---------- PROVIDED INFORMATION ----------

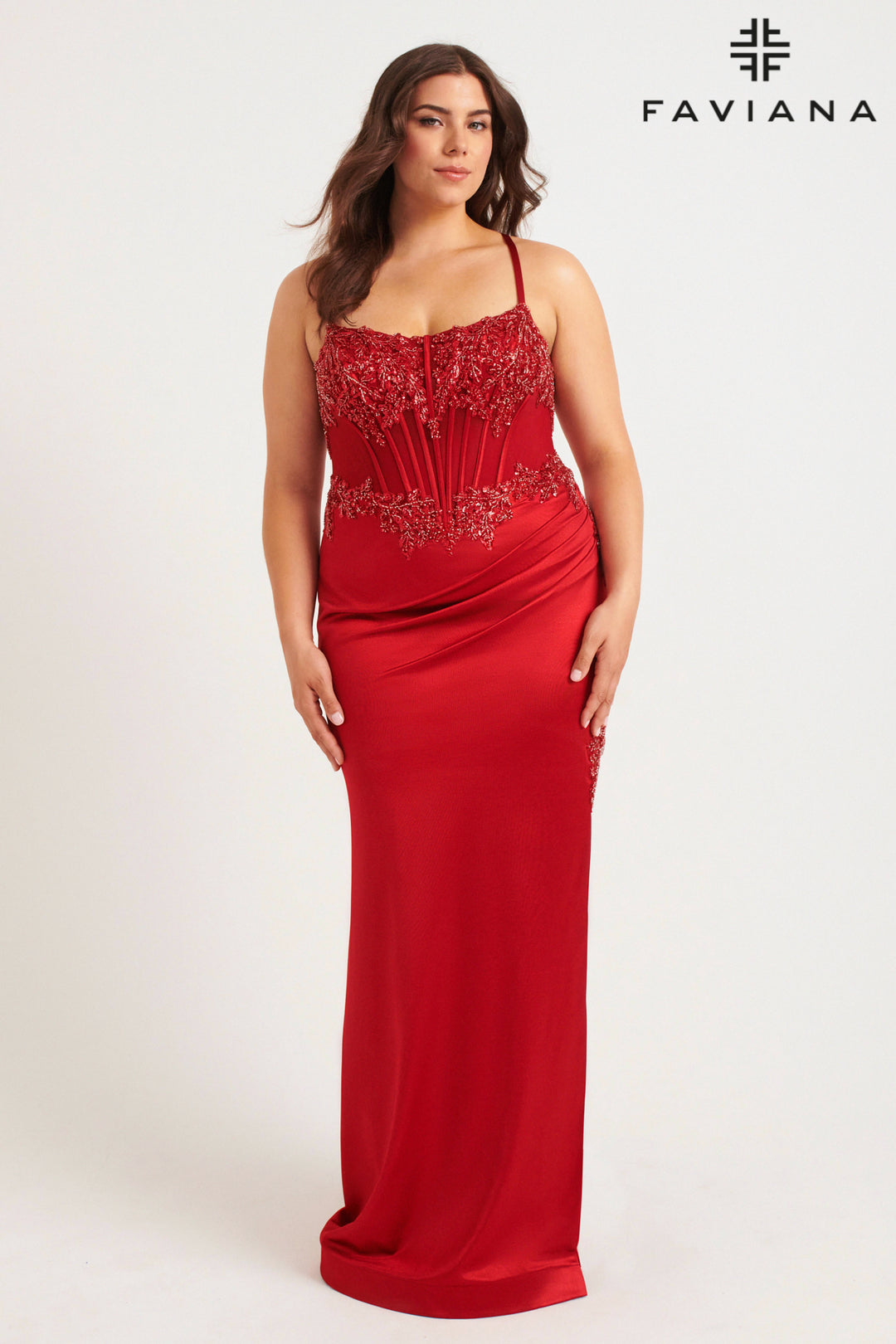 Plus Size Beaded Satin Corset Gown by Faviana 9592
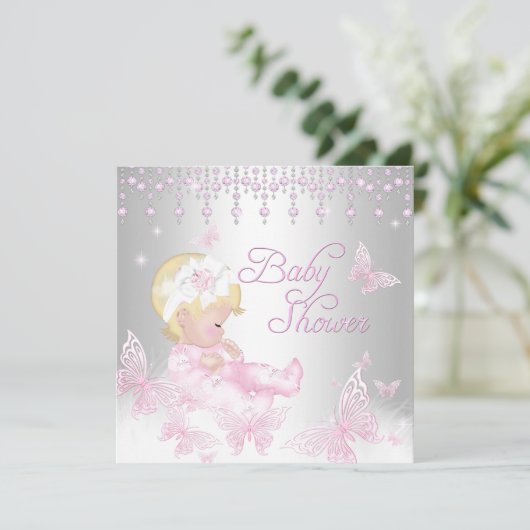 Pink Silver Sprinkle Butterfly Babydusche Blonde Einladung (Stehend Vorderseite)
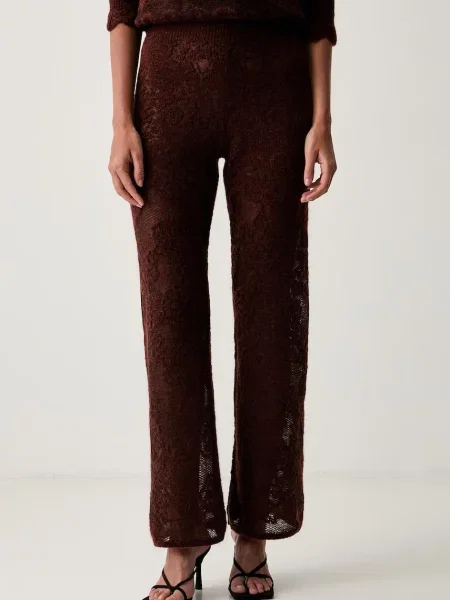 Twinset pantaloni pentru femei cu lână maro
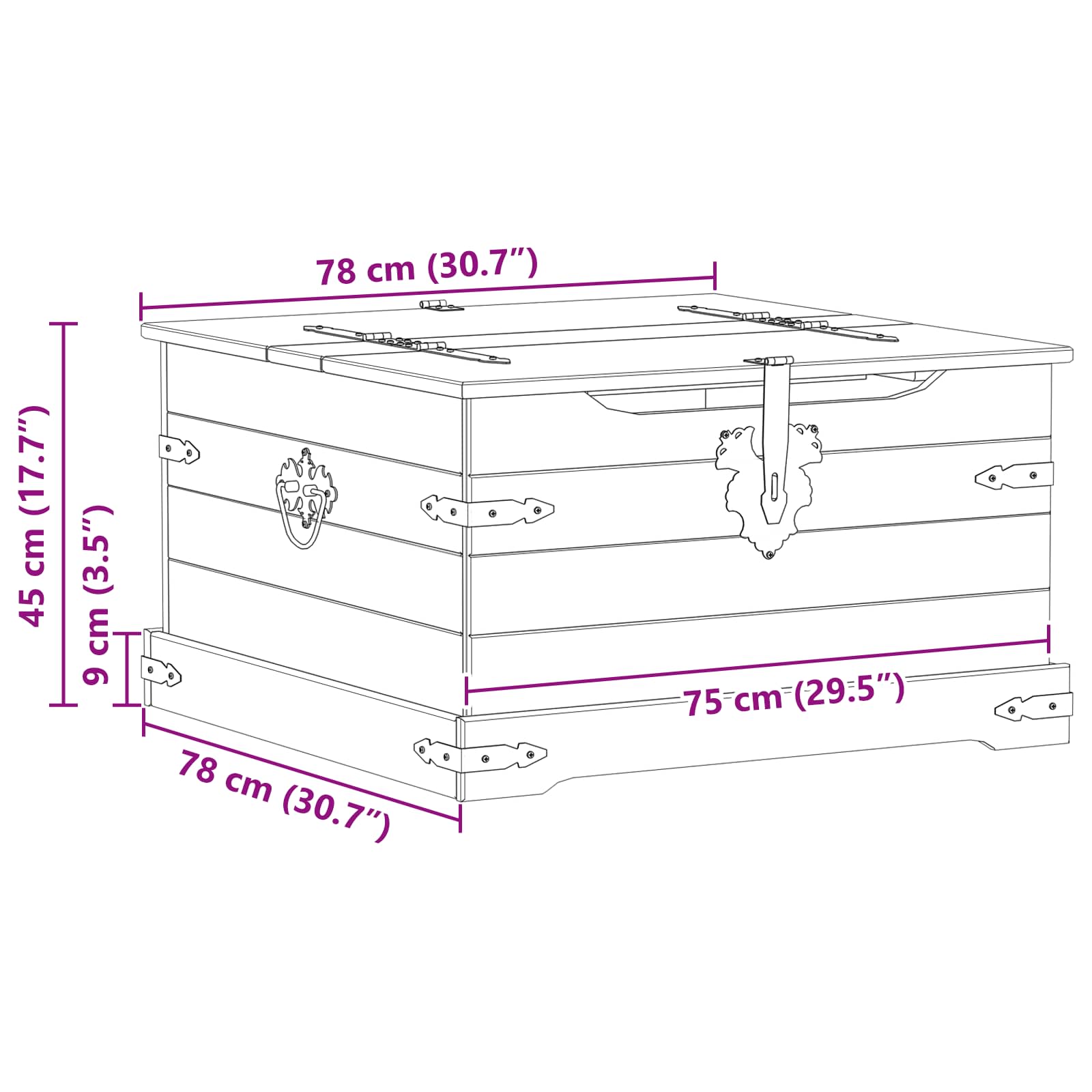 storage box s policom Bijelo 78 x 78 x 45 cm Čvrsto borovo drvo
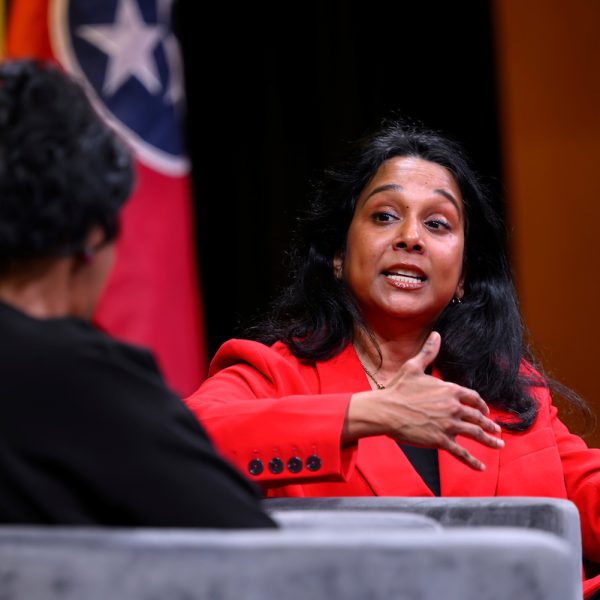 Lakshmi Raman, Director, Office of Artificial Intelligence, CIA during the Institute of National Security 2025 Summit on Modern Conflict and Emerging Threats. Photo: John Amis/Vanderbilt University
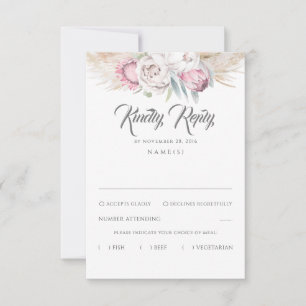 Pampas Grass and Pink King Protea Wedding RSVP Karte
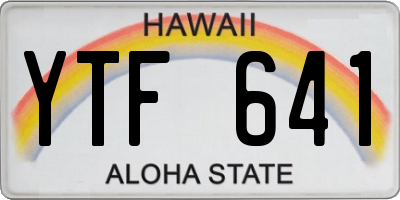 HI license plate YTF641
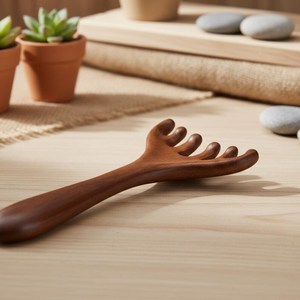 Peigne de massage du cuir chevelu en bois naturel, Gua Sha, brosse de massage des méridiens pour la croissance des cheveux, le soulagement du stress et la relaxation du corps - Product Image 5
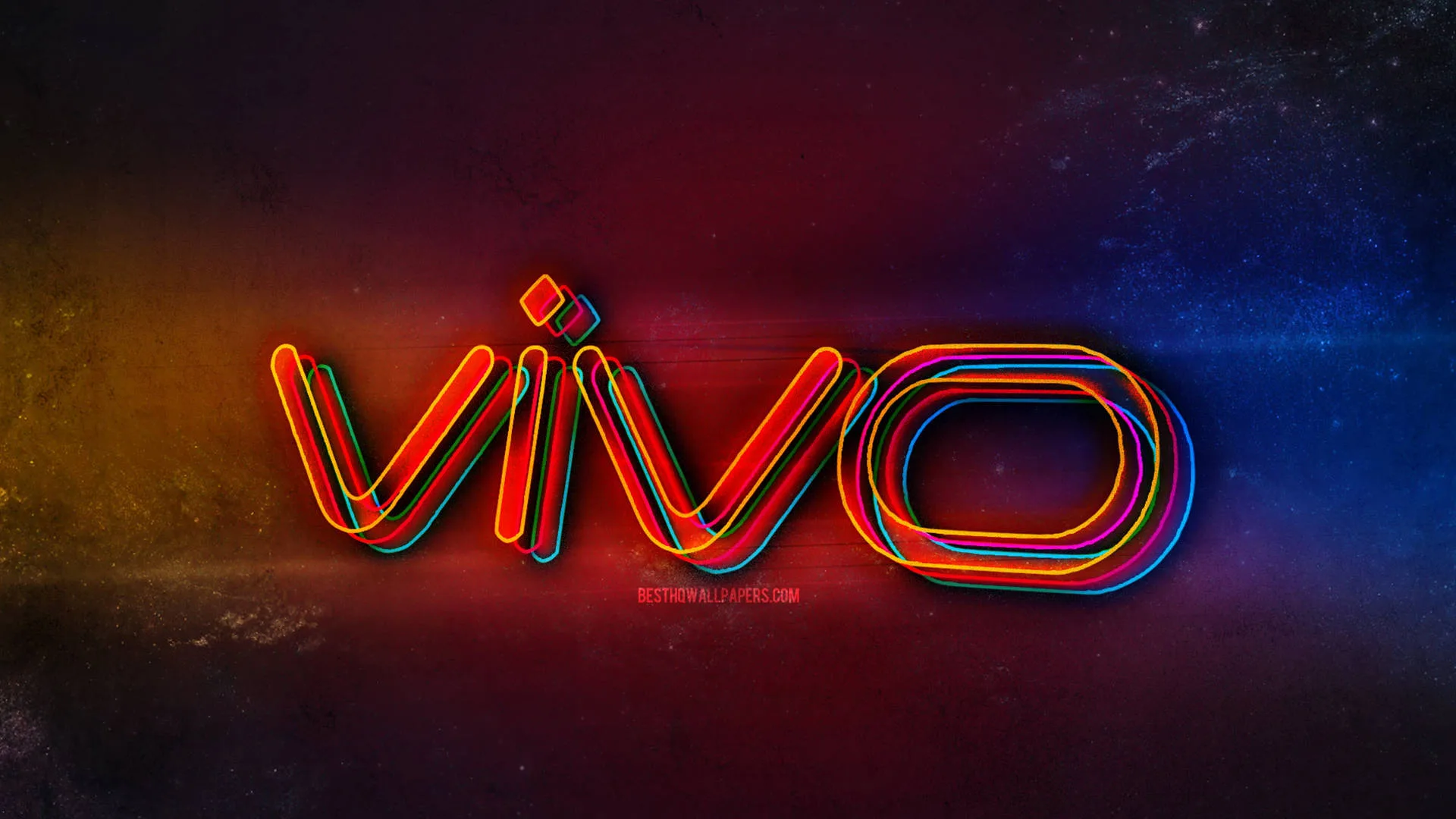 Download Colorful Vivo Logo Dark Wallpaper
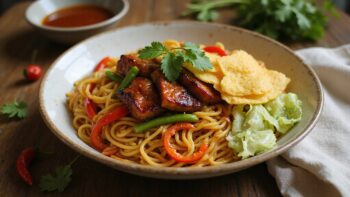 hokkien mee with bbq pork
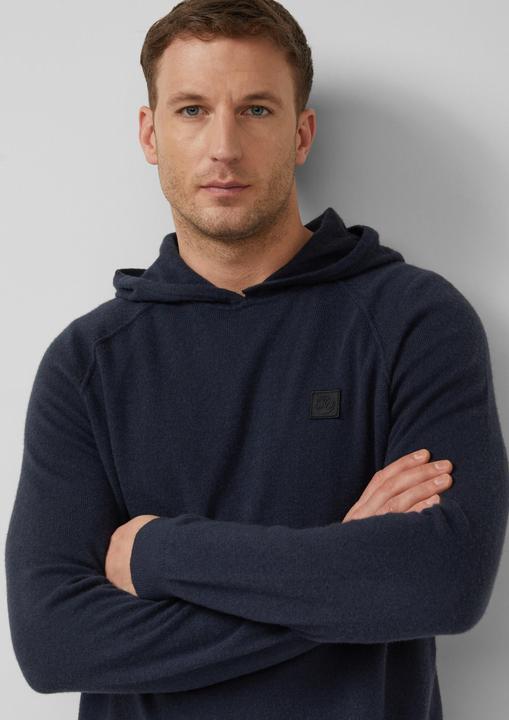 Produktbild s.Oliver Strickpullover Hochwertiger Strickhoodie aus Merino-Kaschmir-Mix (M)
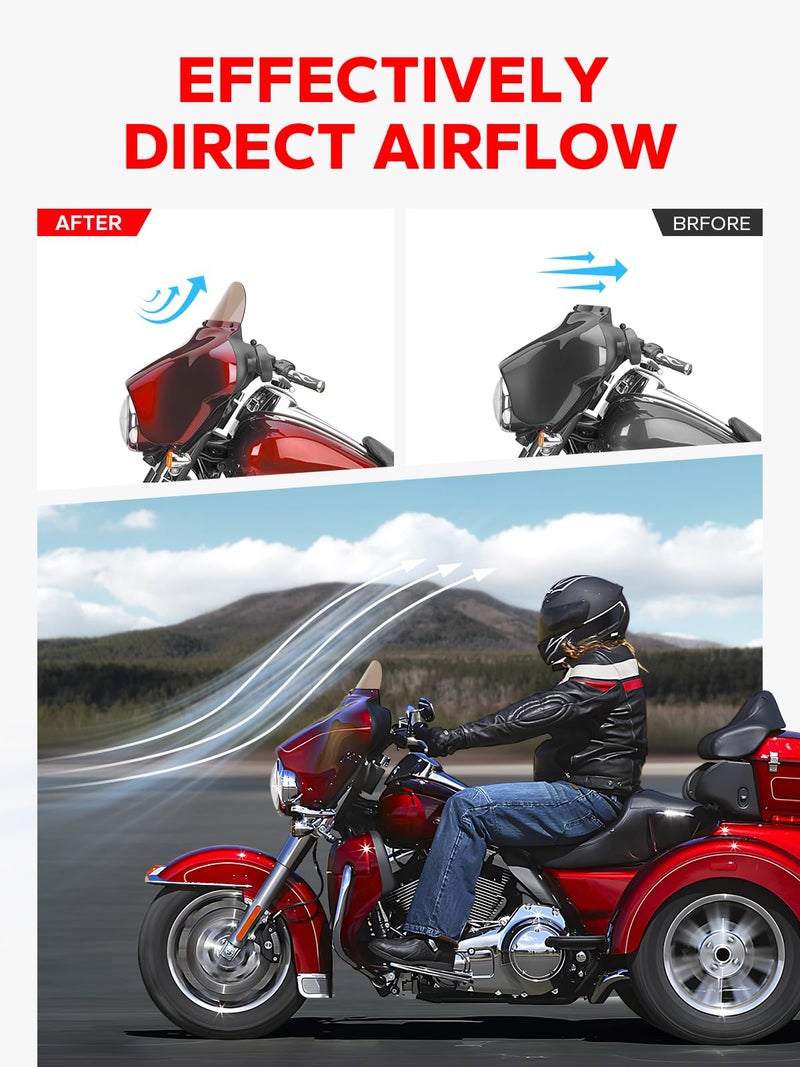 Amazicha 8" Smoke Batwing Windshield Round Windscreen Compatible for 1996-2013 Harley Davidson Touring Street Glide Electra Glide - Image 5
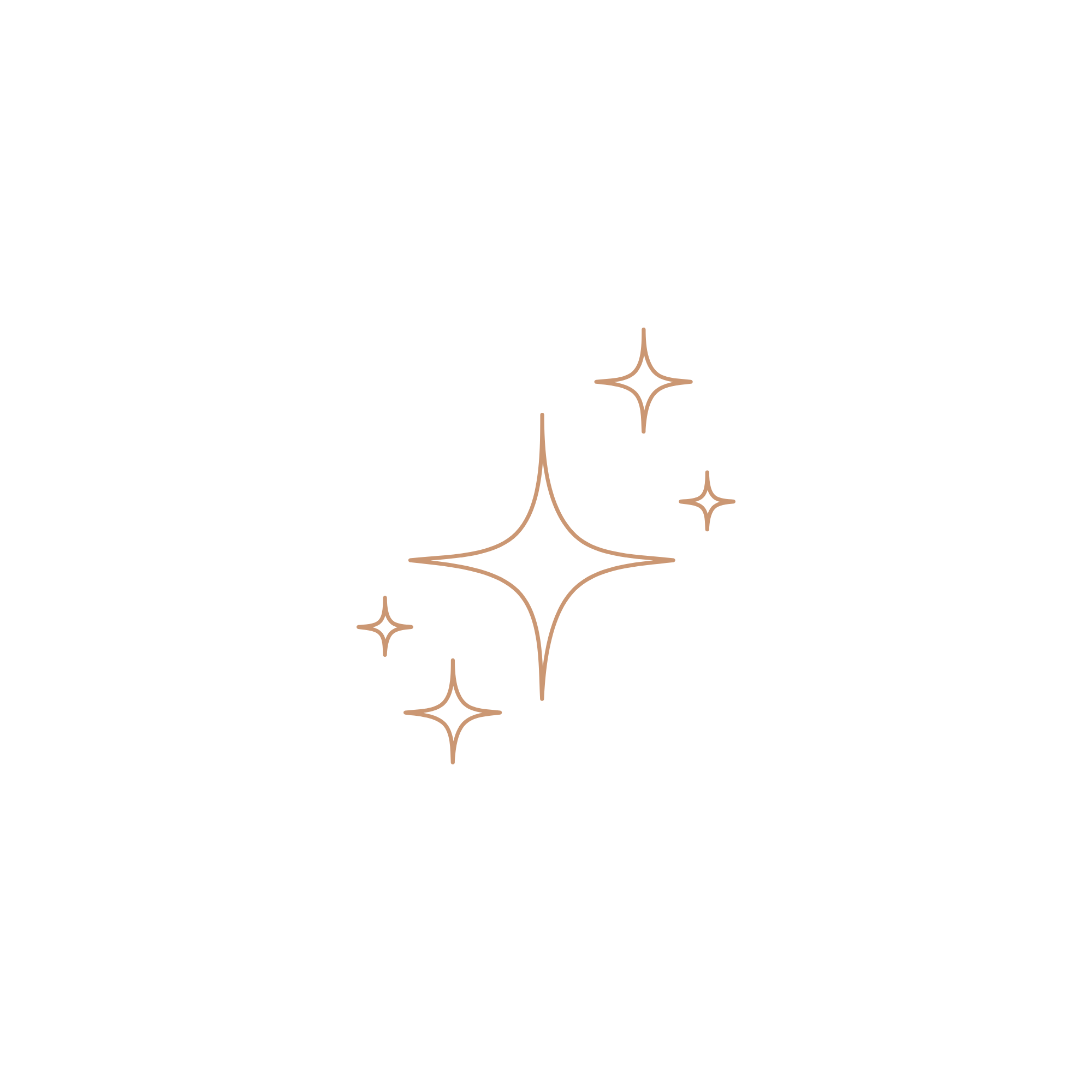 Decorative white background with sparkling beige stars or sparkles.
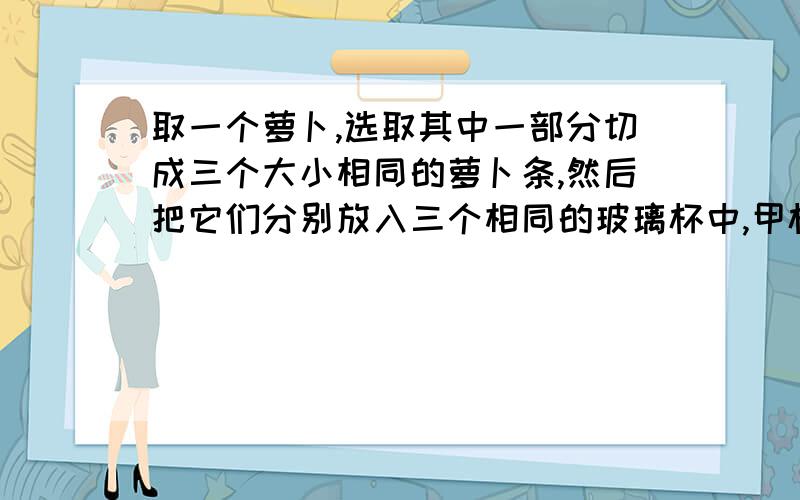 取一个萝卜,选取其中一部分切成三个大小相同的萝卜条,然后把它们分别放入三个相同的玻璃杯中,甲杯中盛有清水（水量能把萝卜条完全淹没）,乙杯中盛有等量的盐水,丙为空杯.1小时后,再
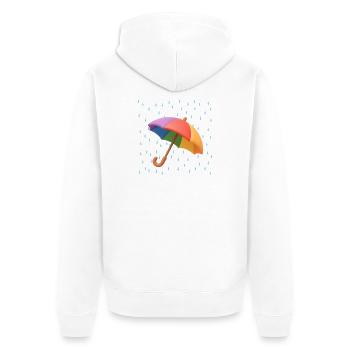 Regenbogen Regenschirm im Regen - Unisex Premium Bio Zip Hoodie - Weiß - Hinten - Thijin (182cm)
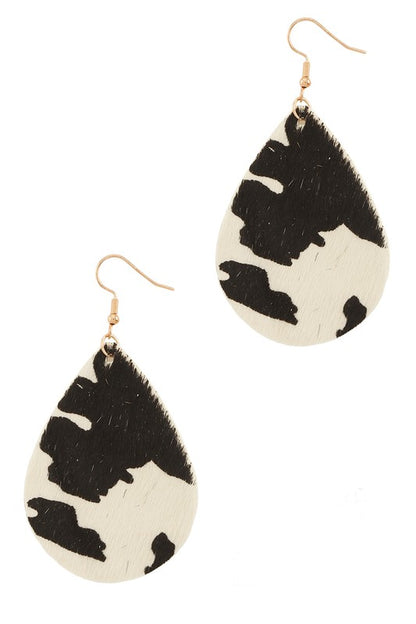 Teardrop Leather Animal Print Earring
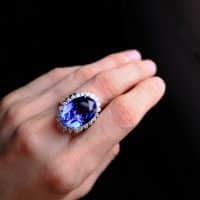 Gem Gardener, tanzanite halo diamond ring, tanzanite ring singapore, tanzanite cocktail ring, big blue tanzanite ring, tanzanite cocktail ring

----------

_AIM OF THE EXERCISE_
Your answer must be the exact lines from the records above, from the one containing "Twinset pantaloni pentru femei cu lână maro" through the one containing "Lakshmi Raman, Director, Office", both included, with every picture left out.

_ANSWER AREA_
 Twinset pantaloni pentru femei cu lână maro
 storage box s policom Bijelo 78 x 78 x 45 cm Čvrsto borovo drvo
 Lakshmi Raman, Director, Office of Artificial Intelligence, CIA during the Institute of National Security 2025 Summit on Modern Conflict and Emerging Threats. Photo: John Amis/Vanderbilt University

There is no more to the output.